Thursday, 3 December 2015

Tex's Pet Shop

Tex Avery and his writer, Heck Allen, treat us to some old puns and gags to start off Lonesome Lenny, the 1946 farewell appearance of Screwy Squirrel.

The story opens in the P.U. Pet Shop. Apparently, “P.U.” isn’t just for university names in cartoons. (To show you the budgets MGM was playing with, the birds and fish in the store window are animated. Such in an establishing shot would be deemed an unnecessary expense at other studios).

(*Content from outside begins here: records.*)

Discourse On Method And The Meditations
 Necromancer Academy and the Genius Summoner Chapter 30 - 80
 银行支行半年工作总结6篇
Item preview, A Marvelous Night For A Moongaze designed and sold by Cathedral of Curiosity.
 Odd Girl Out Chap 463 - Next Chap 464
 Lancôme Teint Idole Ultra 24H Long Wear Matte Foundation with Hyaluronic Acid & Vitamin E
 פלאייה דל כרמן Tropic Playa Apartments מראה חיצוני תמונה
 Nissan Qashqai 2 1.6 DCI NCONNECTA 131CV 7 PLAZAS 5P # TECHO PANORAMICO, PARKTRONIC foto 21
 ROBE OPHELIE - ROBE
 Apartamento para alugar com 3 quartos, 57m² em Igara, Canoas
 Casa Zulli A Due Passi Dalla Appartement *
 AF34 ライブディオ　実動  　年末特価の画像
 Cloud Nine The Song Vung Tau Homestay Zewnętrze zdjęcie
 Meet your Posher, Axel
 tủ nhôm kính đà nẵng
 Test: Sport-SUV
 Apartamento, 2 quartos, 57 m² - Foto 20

You know the rest of the gags. The dog/tree gag. In this case, the dog is stupid. (Scott Bradley plays “If I Only Had a Brain” on the soundtrack).



The spits/Spitz gag.



The multiplying rabbit gag. The camera pans past the rabbit cage then pans back for the punch-line. The rabbits here look like the ones in Avery’s great “Magical Maestro” released in 1952. (Bradley puts a snippet of “Ten Little Indians” in the background).



The Hollywood wolf gag. Wolfie seemed to find his way into a lot of Avery cartoons in the ‘40s (then was reborn in the ‘50s as a slow, Southern wolf who was the basis for Huckleberry Hound).



With the preliminaries out of the way, Avery finally gets down to business and Screwy soon appears.

Walt Clinton is now part of Avery’s usual unit of Ed Love, Preston Blair and Ray Abrams.